Friday, November 11, 2011

New York Magazine: Just Kids

What an article, this is. I highly recommend it! It talks about the writers' club of David Foster Wallace (Infinite Jest), Jeffrey Euginides (The Virgin Suicides, Middlesex), and Jonathan Franzen (The Corrections).





Some quotes that capture the article's main topic--the peculiar relationship between Wallace and Franzen.

Franzen sat down and channeled his anger over his close friend [Wallace's] death into a fourteen-month sprint to write his sprawling 2010 novel, Freedom, which features a character with a likeness to Wallace.

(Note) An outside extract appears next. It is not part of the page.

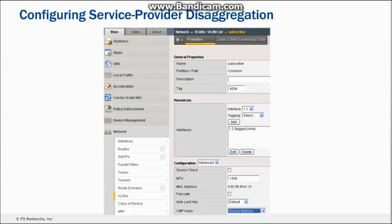You can make this setting in the configuration utility at Network, VLANs, VLAN List, and then selecting Properties for the subscriber side VLAN. Then select Source Address for the CMP Hash setting. Allowing all traffic from a client to use the same set of TMMs in this way increases overall performance. For more information about this setting, see Overview of Clustered Multiprocessing in the Resources link at the top right of the screen.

He also published a raw and searching New Yorker essay on their complicated friendship. “The depressed person then killed himself, in a way calculated to inflict maximum pain on those he loved most, and we who loved him were left feeling angry and betrayed,” Franzen wrote. “Betrayed not merely by the failure of our investment of love but by the way in which his suicide took the person away from us and made him into a very public legend.”


[Franzen and Wallace's] relationship was beginning to bear some resemblance to the competitive friendship at the center of Freedom, with Richard Katz in a Wallace-like role: “And the eternally tormenting question for Walter … was whether Richard was the little brother or the big brother, the f**kup or the hero, the beloved damaged friend or the dangerous rival.”